Autor Wątek: Pieniądze w PZW  (Przeczytany 19882 razy)

Offline Luk

  • Administrator
  • Ekspert
  • *****
  • Wiadomości: 22 698
  • Reputacja: 1982
  • Płeć: Mężczyzna
  • Wędkarstwo rządzi!
  • Lokalizacja: Newark
Odp: Pieniądze w PZW
« Odpowiedź #30 dnia: 20.05.2015, 00:20 »
To kto jest Komorowskim polskiego wędkarstwa?  :D
Lucjan

Offline mirgag

  • Ekspert
  • *****
  • Wiadomości: 829
  • Reputacja: 136
  • Płeć: Mężczyzna
  • Mirosław
  • Lokalizacja: Głogów - Zielona Góra
  • Ulubione metody: waggler i feeder
Odp: Pieniądze w PZW
« Odpowiedź #31 dnia: 20.05.2015, 08:33 »
Mateuszu. Wstawiłeś coś o czym jak wiesz, ja również mówię.
Ale kto mówi o niedociągnięciach w PZW? Praktycy, czyli działacze Kół, zawodnicy, producenci „towaru wędkarskiego” i sami wędkarze.
Ja również mocno działałem w PZW na szczeblu Koła wiele lat jak Ty. Zrobiliśmy (Moje Koło) wiele dla wędkarzy i wędkarstwa. Ale pewnych spraw nie przeskoczysz, choćby to, że na 80 dzieci dostawałem 400 zł na organizację zawodów z okazji Dnia Dziecka, (o czym wspominałem już). I gdyby nie mój (nie ma co się wstydzić swoich zasług) zmysł organizacyjny gdzie kasę wydzierałem od kogo się dało, to byłyby to g*ówno nie zawody, a o paczkach dla dzieci i o ugoszczeniu opiekunów Moich Dzieci nie wspomnę.
Ale moja bezczelność granicząca z chamstwem wymusiła na decydentach mojego miasta to, że sprawy załatwiali mi od ręki i na telefon, bo inaczej wpadałem do jakiegoś biura i tak rzucałem ch*jami, że chcąc się mnie pozbyć, robili to, co chciałem.
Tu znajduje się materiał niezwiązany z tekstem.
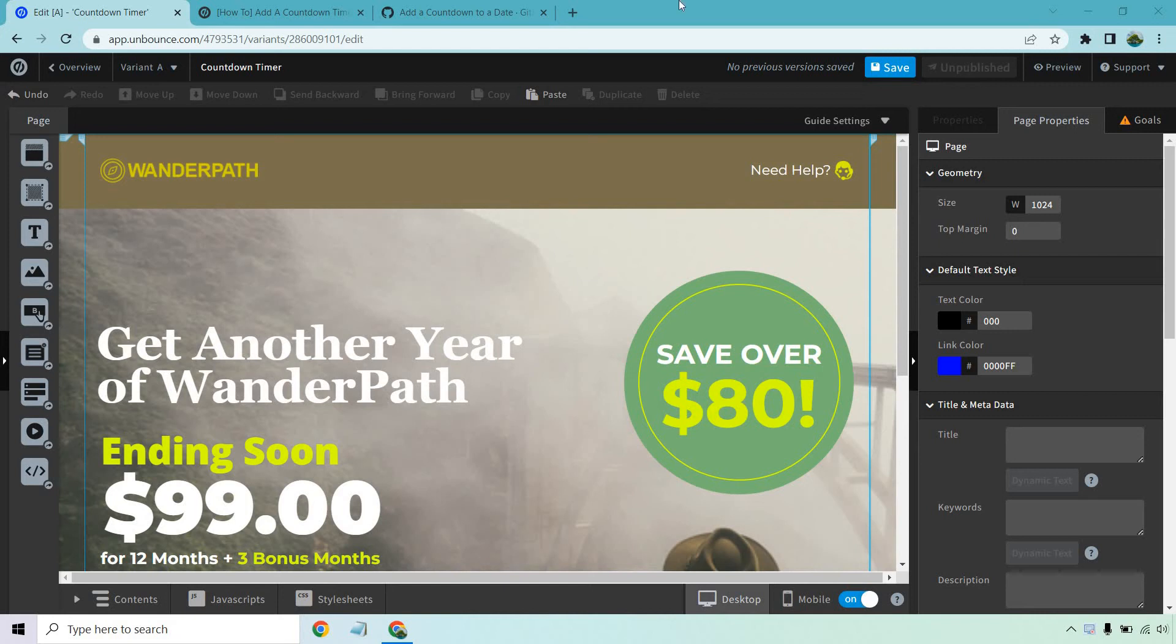If you'd like to add a countdown timer to your Unbounce landing pages, this is going to be the perfect video for you.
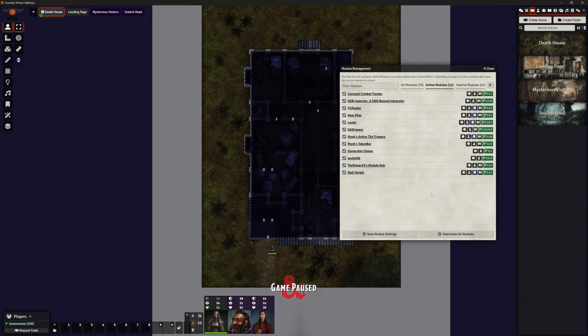But I still want to try and keep that feeling of theatre of the mind sort of idea but using a battle map as well, which is a bit weird because we're mixing those two. And yes, I know if we're using a battle map calling it theatre of the mind is probably not correct, but I want to keep it really atmospheric.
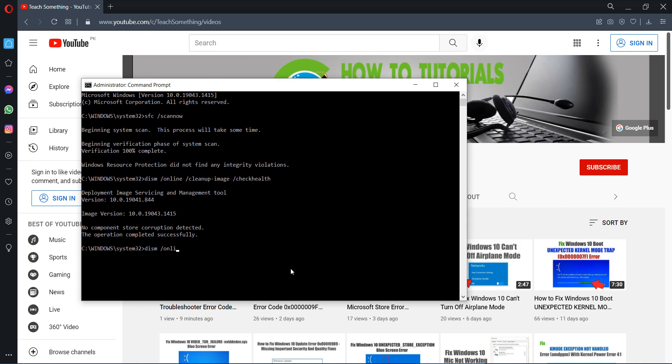After doing this, type the command: DISM space /Online space /Cleanup-Image space /RestoreHealth and press Enter.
Wiem, że decydenci polityczni mnie nie lubili – zresztą z wzajemnością.
Miałem tyle pieniędzy – przypominam nie od Związku, – że np. kupiłem sprzęt wędkarski poza tym sprzętem, co prawie na siłę wydzierałem od wędkarzy dla Szkółki, organizowaliśmy zawody dla dzieci ze świetlic Kościołów, organizacji społecznych, szkół i tzw. „ochronek”, czyli dzieci z problemami osobistymi.
Te ówczesne dzieci dzisiaj są osobami dorosłymi, mają niektórzy rodziny i do dzisiaj mam z wieloma z nich kontakt mimo, że mieszkam już w innym mieście. Co ciekawe, oni nie kojarzą te mile spędzone chwile nad wodą z PZW tylko z ludźmi z Zarządu, w którym działałem.
Wielu ludzi mieszka za granicą jak Lucjan, mówią o właściwym zachowaniu, zarządzaniu, o sposobach łowienia. Dzięki dostępowi do informacji internetowej, wręcz błyskawicznie można ulepszać, działać, organizować. Co to „beton” obchodzi? Zamiast edukować, oni tworzą zakazy, nakazy i podwyższają mandaty. Stworzyli je…y kraj policyjny, gdzie szerzy się głupota, zawiść, donosicielstwo i ogólny burdel.
A teraz - moim zdaniem - chcą zawłaszczyć majątek PZW.
Podobnie jak w polityce trzeba wszystkich w PZW – dokładnie wszystkich – trzeba odsunąć od koryta bez wyjątku, (dotyczy to oczywiście ZG a nie działaczy na szczeblu Kół, którzy są praktykami i fachowcami).
PS: „Beton” Kolego Zwir76, to nie wiek, ale przynależność. Bo kto się mędą urodził, to nie ma znaczenia, czy będzie mieć 20 lat czy 60, mędą pozostanie.
*Jedynie upór i determinacja są wszechmocne*
Mirosław

Offline Luk

  • Administrator
  • Ekspert
  • *****
  • Wiadomości: 22 698
  • Reputacja: 1982
  • Płeć: Mężczyzna
  • Wędkarstwo rządzi!
  • Lokalizacja: Newark
Odp: Pieniądze w PZW
« Odpowiedź #32 dnia: 20.05.2015, 09:19 »
Producentów sprzętu bym wyłączył. To jakby winić samochód za to, że przekracza prędkość.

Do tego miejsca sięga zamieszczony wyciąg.